🤖 AI Summary
This work addresses the lack of evaluation frameworks for assessing how retrieval-augmented generation (RAG) systems adapt following user or expert feedback. It introduces, for the first time, a “feedback adaptation” problem setting, quantifying adaptation speed and reliability through two metrics: correction latency and post-feedback performance. To enable real-time feedback integration without retraining during inference, the authors propose PatchRAG, which combines semantic relevance analysis with behavioral change detection to achieve zero-latency corrections and cross-query semantic generalization. Experimental results demonstrate that PatchRAG significantly outperforms baseline methods, maintaining immediate responsiveness while exhibiting strong generalization capabilities after receiving feedback.
📝 Abstract
Retrieval-Augmented Generation (RAG) systems are typically evaluated under static assumptions, despite being frequently corrected through user or expert feedback in deployment.

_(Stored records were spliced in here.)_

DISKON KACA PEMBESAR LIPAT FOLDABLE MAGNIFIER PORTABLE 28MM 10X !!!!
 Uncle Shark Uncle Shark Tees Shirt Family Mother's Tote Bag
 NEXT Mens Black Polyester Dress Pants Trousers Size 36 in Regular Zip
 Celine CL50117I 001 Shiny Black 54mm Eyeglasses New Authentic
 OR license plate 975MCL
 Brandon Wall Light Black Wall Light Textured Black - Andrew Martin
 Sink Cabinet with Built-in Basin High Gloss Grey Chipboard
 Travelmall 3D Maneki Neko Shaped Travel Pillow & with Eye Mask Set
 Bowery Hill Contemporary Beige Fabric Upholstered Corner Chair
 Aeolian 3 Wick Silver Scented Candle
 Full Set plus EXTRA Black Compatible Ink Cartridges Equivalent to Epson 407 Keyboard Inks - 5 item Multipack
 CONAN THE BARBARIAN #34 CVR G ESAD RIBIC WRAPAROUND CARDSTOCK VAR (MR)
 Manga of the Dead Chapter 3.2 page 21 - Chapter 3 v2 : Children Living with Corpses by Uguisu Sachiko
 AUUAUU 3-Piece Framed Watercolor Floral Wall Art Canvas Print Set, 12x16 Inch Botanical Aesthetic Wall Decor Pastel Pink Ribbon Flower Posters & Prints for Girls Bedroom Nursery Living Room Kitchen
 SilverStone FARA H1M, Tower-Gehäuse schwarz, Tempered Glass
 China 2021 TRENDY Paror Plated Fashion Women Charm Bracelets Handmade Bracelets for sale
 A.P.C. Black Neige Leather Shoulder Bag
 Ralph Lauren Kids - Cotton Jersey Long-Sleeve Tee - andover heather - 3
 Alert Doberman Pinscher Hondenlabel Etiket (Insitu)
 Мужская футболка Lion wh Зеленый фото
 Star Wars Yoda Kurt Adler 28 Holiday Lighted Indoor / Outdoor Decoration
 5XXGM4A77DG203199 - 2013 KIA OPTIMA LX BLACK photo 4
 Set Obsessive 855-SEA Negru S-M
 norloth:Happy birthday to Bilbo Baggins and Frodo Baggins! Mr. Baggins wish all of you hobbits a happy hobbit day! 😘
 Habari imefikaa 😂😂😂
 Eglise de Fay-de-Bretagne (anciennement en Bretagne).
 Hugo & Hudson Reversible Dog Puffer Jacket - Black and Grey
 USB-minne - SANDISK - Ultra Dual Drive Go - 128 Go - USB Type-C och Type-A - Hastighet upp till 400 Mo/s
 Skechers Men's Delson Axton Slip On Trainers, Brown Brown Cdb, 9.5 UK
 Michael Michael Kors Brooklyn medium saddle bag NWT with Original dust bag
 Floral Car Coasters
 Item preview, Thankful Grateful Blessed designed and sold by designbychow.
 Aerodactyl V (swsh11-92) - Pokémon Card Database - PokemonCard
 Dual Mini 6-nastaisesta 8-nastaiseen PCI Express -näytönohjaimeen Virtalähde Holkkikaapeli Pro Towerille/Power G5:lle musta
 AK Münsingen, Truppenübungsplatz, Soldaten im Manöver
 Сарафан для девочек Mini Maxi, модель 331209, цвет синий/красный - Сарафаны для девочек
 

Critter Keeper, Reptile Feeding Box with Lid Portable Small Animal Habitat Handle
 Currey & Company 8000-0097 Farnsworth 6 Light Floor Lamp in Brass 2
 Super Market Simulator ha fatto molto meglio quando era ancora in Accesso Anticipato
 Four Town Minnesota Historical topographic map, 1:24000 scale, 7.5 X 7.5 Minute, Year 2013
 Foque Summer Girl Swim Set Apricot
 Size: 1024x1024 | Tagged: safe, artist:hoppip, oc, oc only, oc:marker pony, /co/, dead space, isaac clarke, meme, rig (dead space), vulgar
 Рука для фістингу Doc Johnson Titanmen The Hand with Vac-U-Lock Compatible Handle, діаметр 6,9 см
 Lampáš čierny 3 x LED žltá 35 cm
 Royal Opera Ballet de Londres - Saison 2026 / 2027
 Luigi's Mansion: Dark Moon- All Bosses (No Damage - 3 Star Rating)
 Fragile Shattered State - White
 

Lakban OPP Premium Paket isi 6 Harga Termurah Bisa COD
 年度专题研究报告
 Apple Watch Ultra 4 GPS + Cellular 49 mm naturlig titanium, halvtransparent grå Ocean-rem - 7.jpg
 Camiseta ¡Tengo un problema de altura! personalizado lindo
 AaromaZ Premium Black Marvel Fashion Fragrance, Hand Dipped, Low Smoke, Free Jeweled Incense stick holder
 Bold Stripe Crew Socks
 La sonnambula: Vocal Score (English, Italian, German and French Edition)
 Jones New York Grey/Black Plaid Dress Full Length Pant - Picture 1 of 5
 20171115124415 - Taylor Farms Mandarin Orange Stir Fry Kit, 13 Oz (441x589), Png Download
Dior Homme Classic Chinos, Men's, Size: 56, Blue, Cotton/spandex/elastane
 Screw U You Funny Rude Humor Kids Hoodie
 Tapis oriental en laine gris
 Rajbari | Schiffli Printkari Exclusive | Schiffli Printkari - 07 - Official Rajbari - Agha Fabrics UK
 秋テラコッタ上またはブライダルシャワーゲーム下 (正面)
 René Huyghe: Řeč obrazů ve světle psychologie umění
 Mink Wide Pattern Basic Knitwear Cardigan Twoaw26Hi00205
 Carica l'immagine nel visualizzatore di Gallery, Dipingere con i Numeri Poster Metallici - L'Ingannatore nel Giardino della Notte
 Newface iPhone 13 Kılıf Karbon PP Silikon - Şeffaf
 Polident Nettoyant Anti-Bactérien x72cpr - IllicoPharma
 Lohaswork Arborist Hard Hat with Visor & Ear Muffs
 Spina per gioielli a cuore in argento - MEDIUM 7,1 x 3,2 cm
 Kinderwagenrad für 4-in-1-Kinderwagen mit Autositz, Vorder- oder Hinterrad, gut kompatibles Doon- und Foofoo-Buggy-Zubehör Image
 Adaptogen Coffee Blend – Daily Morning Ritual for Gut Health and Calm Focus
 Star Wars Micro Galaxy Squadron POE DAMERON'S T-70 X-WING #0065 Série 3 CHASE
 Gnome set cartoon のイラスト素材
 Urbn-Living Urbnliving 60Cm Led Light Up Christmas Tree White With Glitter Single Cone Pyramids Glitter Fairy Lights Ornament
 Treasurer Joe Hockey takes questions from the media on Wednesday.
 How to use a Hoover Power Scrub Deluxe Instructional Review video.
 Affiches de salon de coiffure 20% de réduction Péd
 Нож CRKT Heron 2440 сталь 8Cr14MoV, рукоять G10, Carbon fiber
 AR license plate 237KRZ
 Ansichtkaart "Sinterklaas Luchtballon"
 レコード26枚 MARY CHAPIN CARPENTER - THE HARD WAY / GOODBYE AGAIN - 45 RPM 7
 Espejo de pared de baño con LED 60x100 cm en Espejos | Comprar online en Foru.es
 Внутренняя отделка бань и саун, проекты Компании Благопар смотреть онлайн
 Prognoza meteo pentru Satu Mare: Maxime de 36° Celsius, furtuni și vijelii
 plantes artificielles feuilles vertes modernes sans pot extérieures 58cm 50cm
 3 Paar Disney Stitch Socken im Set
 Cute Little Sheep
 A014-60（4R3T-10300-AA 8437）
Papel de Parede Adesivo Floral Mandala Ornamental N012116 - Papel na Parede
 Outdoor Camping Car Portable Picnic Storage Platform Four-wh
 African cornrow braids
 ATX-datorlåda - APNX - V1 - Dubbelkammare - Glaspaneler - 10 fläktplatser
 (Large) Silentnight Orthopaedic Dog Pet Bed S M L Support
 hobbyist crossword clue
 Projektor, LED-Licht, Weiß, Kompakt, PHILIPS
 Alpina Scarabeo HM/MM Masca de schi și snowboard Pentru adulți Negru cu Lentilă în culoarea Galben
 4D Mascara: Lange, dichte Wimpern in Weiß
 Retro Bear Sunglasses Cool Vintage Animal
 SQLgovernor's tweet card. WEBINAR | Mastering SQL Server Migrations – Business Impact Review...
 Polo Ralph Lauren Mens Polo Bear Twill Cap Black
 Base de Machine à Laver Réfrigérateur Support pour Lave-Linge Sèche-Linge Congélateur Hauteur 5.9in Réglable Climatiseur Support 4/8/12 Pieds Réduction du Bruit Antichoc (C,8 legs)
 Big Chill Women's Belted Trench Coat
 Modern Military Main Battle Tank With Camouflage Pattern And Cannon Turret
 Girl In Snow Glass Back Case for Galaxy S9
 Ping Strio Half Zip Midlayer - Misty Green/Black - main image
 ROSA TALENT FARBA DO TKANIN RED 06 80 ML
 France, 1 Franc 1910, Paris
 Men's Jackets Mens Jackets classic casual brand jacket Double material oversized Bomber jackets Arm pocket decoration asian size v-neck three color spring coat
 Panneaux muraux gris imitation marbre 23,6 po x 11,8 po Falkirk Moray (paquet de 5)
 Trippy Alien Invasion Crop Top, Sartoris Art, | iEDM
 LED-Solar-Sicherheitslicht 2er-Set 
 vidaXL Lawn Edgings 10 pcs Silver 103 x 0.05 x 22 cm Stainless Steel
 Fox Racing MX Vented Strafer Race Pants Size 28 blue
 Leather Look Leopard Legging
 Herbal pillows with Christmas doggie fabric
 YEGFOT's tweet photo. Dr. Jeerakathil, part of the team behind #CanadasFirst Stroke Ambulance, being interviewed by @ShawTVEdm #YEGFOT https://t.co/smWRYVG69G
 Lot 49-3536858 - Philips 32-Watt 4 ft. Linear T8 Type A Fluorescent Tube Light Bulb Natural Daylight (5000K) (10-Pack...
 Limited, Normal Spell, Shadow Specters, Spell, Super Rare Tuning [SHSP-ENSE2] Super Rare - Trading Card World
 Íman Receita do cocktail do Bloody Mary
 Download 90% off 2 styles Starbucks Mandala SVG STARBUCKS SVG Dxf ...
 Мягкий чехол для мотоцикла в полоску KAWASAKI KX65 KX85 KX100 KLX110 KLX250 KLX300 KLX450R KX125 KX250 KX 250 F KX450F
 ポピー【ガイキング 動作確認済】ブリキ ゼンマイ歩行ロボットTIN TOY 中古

Existing evaluation protocols focus on overall accuracy and fail to capture how systems adapt after feedback is introduced. We introduce feedback adaptation as a problem setting for RAG systems, which asks how effectively and how quickly corrective feedback propagates to future queries. To make this behavior measurable, we propose two evaluation axes: correction lag, which captures the delay between feedback provision and behavioral change, and post-feedback performance, which measures reliability on semantically related queries after feedback. Using these metrics, we show that training-based approaches exhibit a trade-off between delayed correction and reliable adaptation. We further propose PatchRAG, a minimal inference-time instantiation that incorporates feedback without retraining, demonstrating immediate correction and strong post-feedback generalization under the proposed evaluation. Our results highlight feedback adaptation as a previously overlooked dimension of RAG system behavior in interactive settings.